If each couple were to have no more children than those necessary to replace themselves, developing-country populations would still continue to grow because of their young age structures. This is illustrated in Figure 2 with population pyramids, which show the distribution of population by age and sex. Each cohort (each group of people born in contiguous years) moves upward in the pyramid as it ages, and the upper levels of the pyramid therefore expand over time, as the contrast between 1995 and 2025 shows. Even if each cohort only reproduces itself (so that the lowest rung of the pyramid resembles the preceding ones), population will still grow, especially at older ages. This phenomenon, known as population momentum, will account for almost three-quarters of the population growth in developing countries over the next 25 years and for practically all the growth in East Asia. Momentum is largely absent, by contrast, in the pyramid for industrial countries (the last pyramid), which has a narrow base.2
2Momentum can also be compared to the long-term interest on the national debt, continuing almost indefinitely into the future. The debt exists because of a previous excess of government expenses over revenue. Momentum exists because of a previous societal "excess" of births over deaths. The quicker a balanced budget is reached, the smaller the long-term debt. Similarly, the quicker a balance of fertility and mortality is reached, the smaller the long-term population momentum. If a balanced budget cannot be reached this year, reducing the deficit will at least slow the growth in the national debt.
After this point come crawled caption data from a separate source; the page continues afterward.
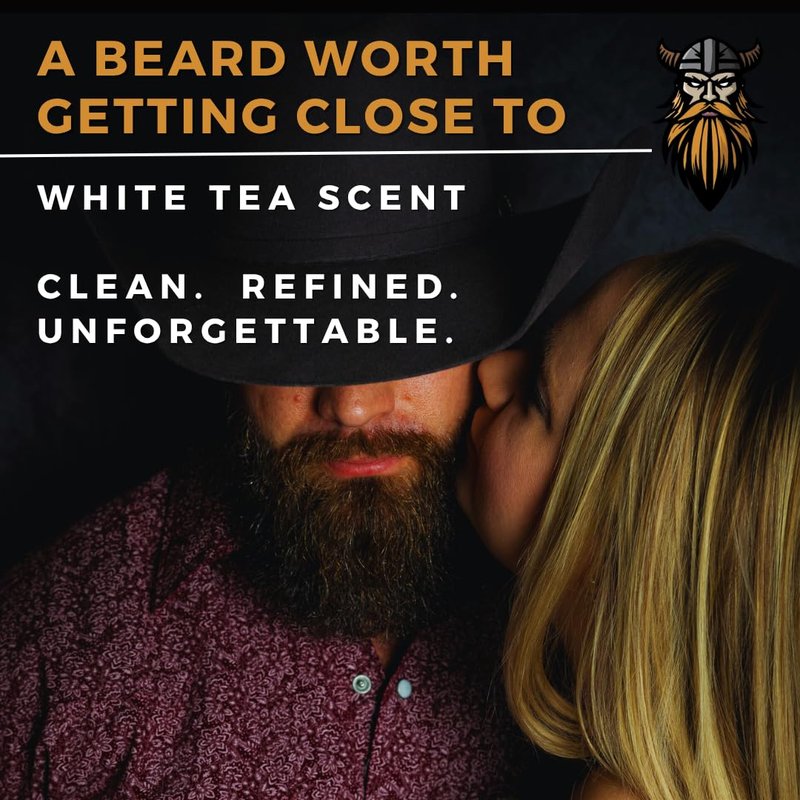 Veien Beard Oil for Men - Clean White Tea Masculine Scent - Softens & Conditions Beard, Moisturizes Dry Skin, Stops Beard Itch & Dandruff - 2oz Non-Greasy Premium Beard Grooming Oil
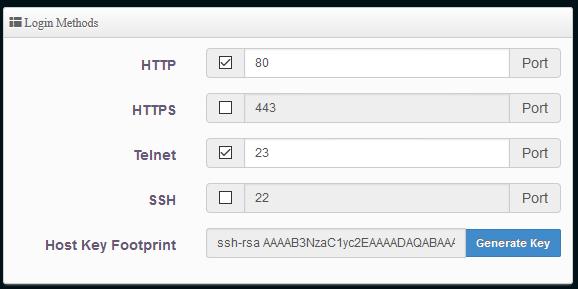 79 Enable HTTP: Enable HTTPS: Check to select HTTP Service. Check to select HTTPS Service HTTPS Port: The default is 443 and the range is between 1 ~ 65535.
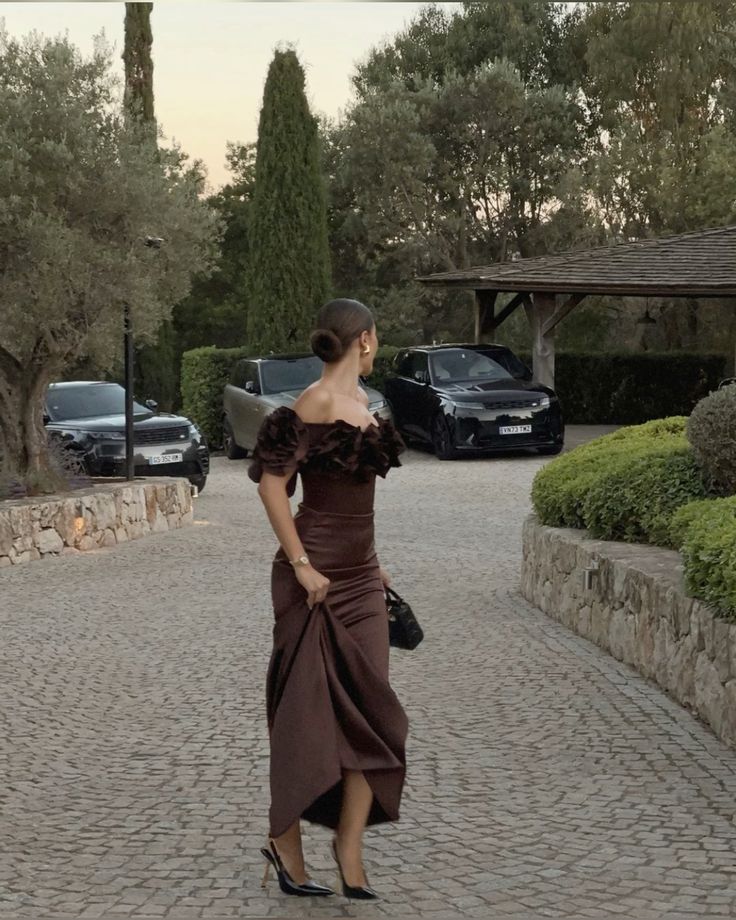 Brown Off The Shoulder Long Prom Dress Formal Dress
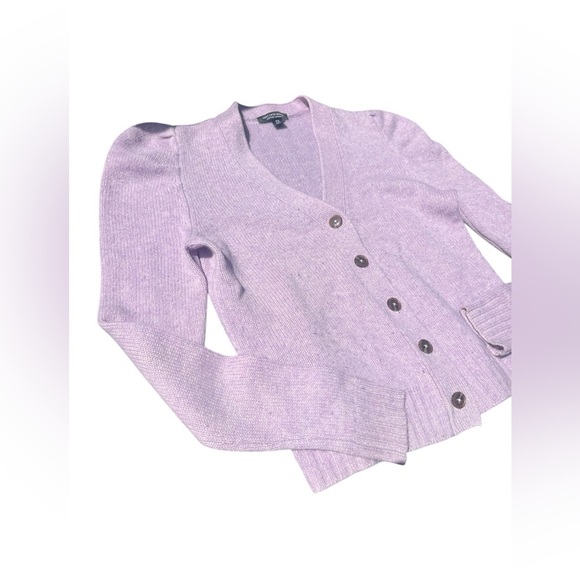 SAKS FIFTH AVENUE Puff-Sleeve 100% Cashmere Cardigan - Picture 3 of 7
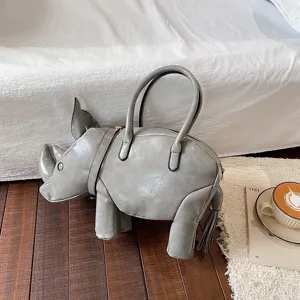 Kreative graue Nashorn Handtasche für Damen, einzigartiges Nischendesign PU Leder Umhängetasche.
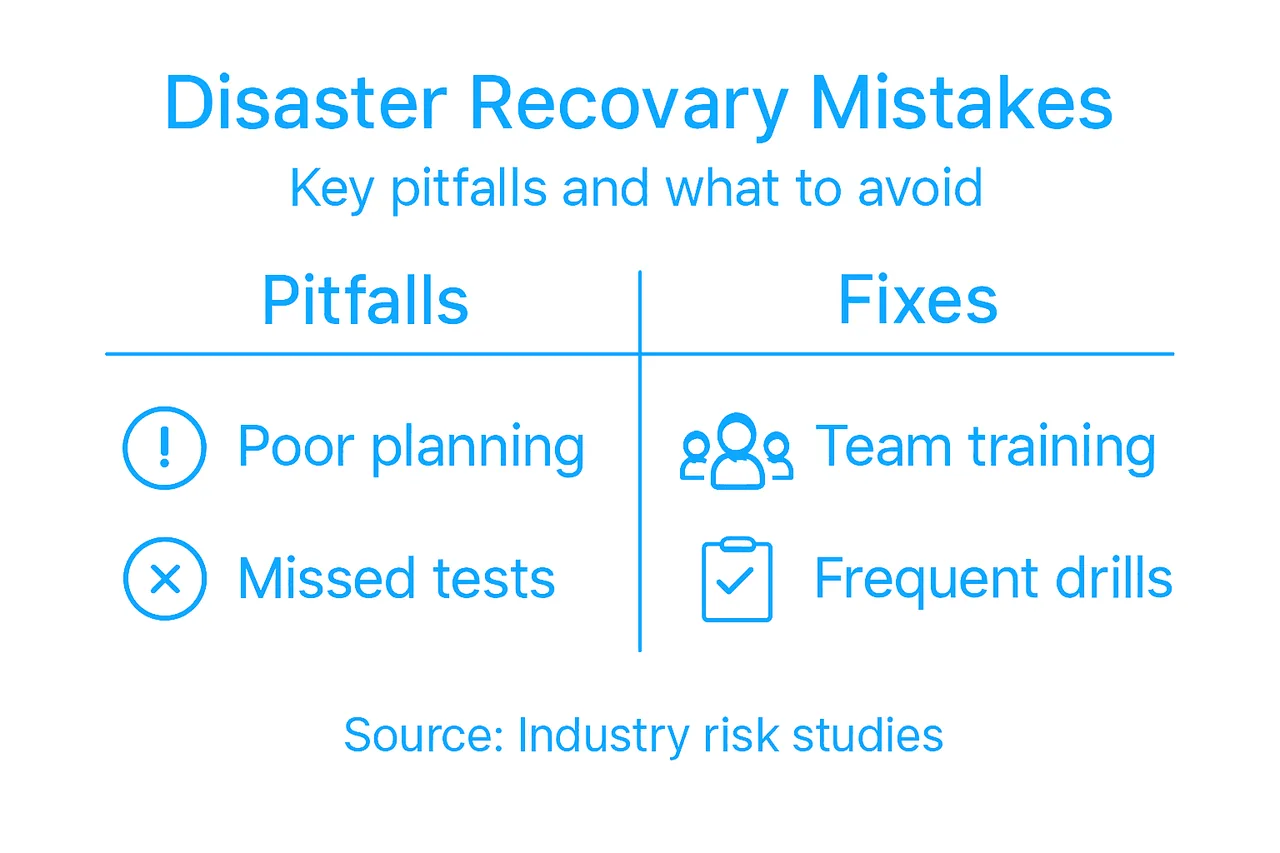 Infographic about disaster recovery mistakes and fixes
Likewise, reducing fertility will at least slow the increase in population momentum. Even if the government achieves a balanced budget, and keeps it balanced indefinitely, interest charges will continue on the accumulated debt. Even if fertility stays at replacement level indefinitely, population will continue to grow because of the accumulated momentum. Finally, just as only applying a government budget surplus to the principal on the national debt will reduce future interest payments, only fertility below replacement will reduce future population momentum.
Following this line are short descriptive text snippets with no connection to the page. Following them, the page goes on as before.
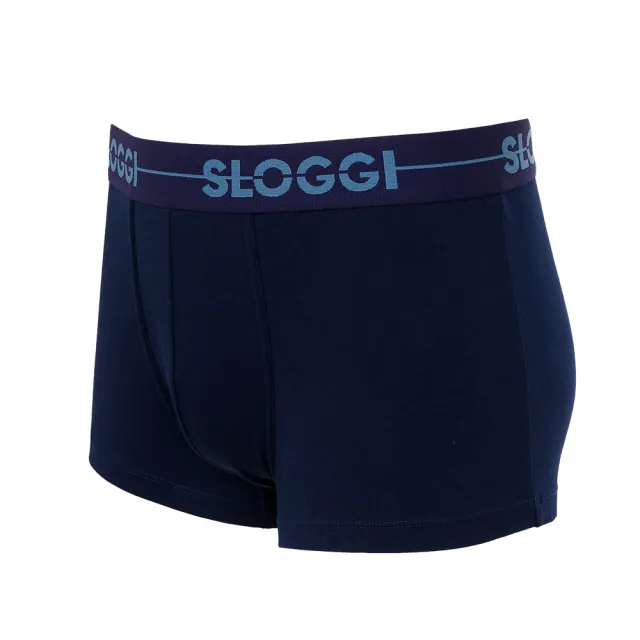 【sloggi Men】GO系列彈性貼身平口褲2件包(藍寶石/深酒紅)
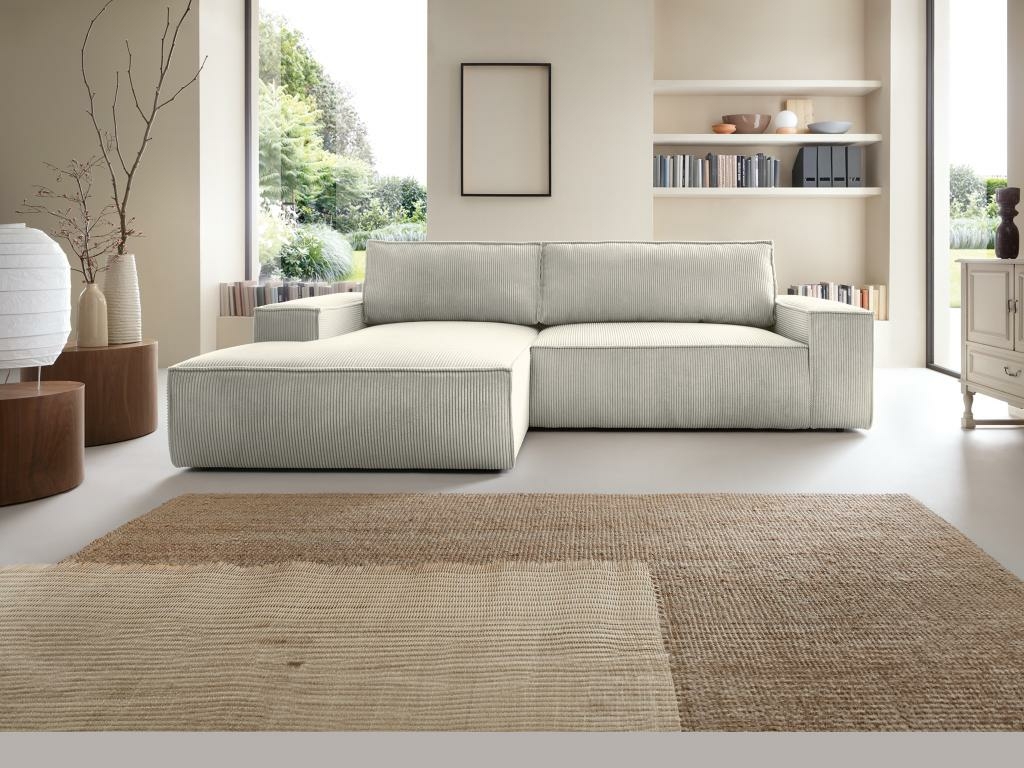 Ecksofa mit Schlaffunktion - Ecke Links - Kord - Beige - AMELIA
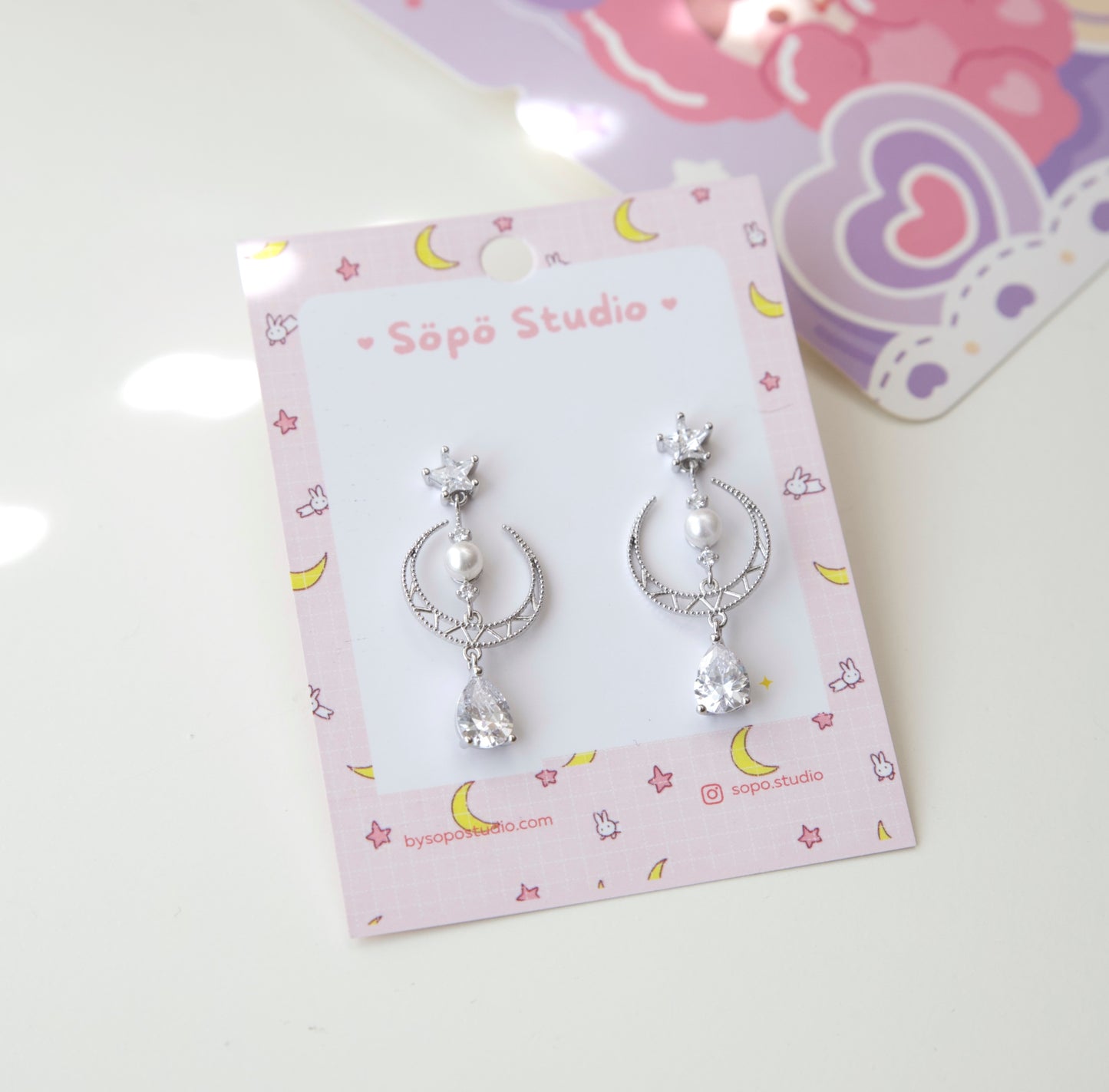 Dainty Star Moon Romantic Korean Style Pearl Drop Earrings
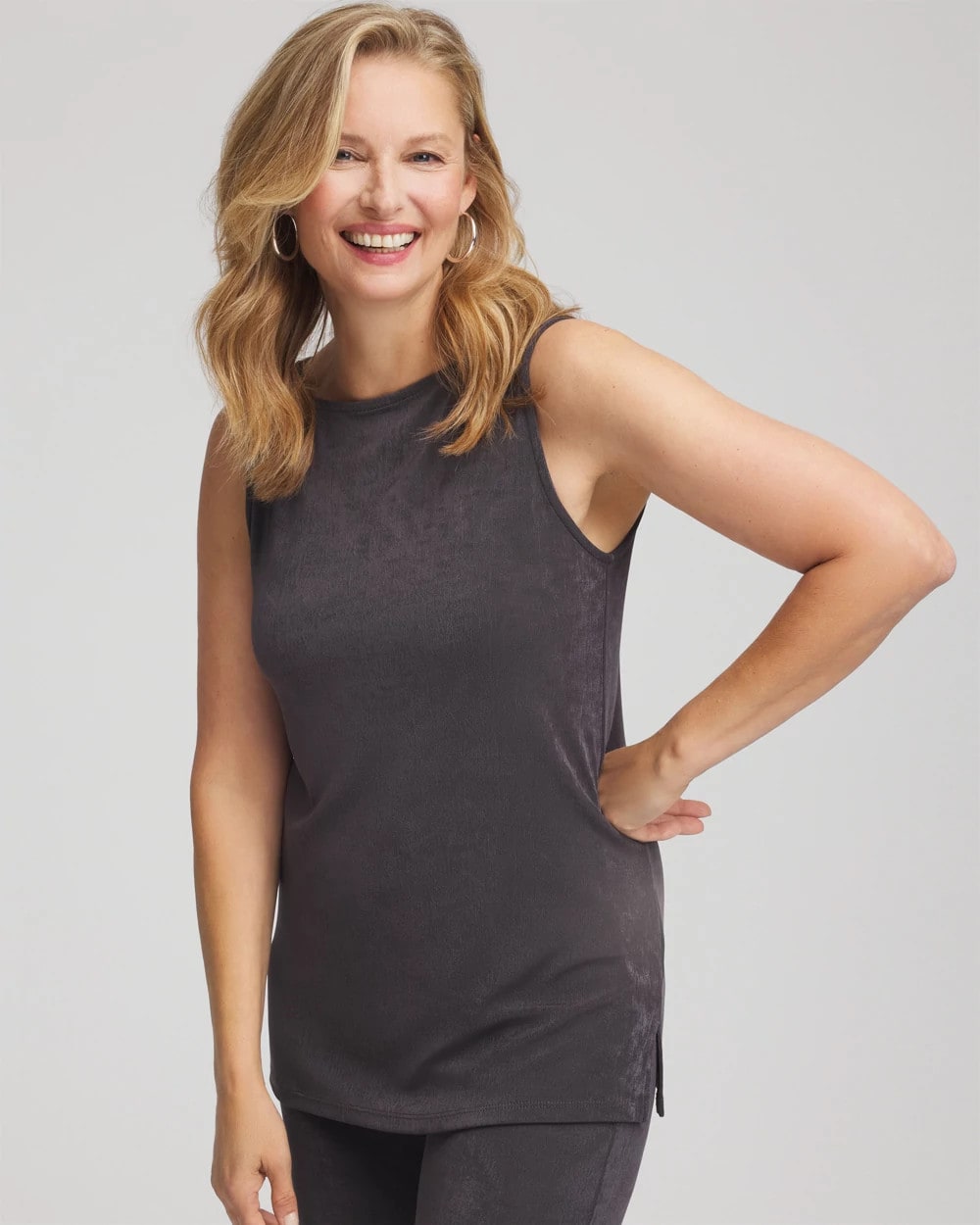 Chico's Value - Travelers™ Classic Side-Slit Tank Serene Gray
Figure 2 - Population Pyramids:
Distribution of Population by Age and Sex (millions)
SOURCE: World Bank (1997a, 1997b) and projections using the model used there.
Continued substantial population growth can be expected in every developing-country region. Of the 1.8 billion additional people that can be expected in the next 25 years, East and Southeast Asia and the Pacific will contribute about 400 million (Figure 3). More will come from sub-Saharan Africa (almost 500 million) and South Asia (480 million). The increments will be smaller, but still substantial, in the Middle East crescent (260 million for this band of mostly Islamic countries stretching from Morocco to Kazakhstan) and in Latin America and the Caribbean (170 million). Although population growth will be most impressive in sub-Saharan Africa - leading to a population 75-percent larger by 2025 than it is today - other regions will also show impressive expansion. Latin America, for instance, will have 33 percent more people by 2025, and much of the increase will undoubtedly go to expand such already massive urban agglomerations as Mexico City.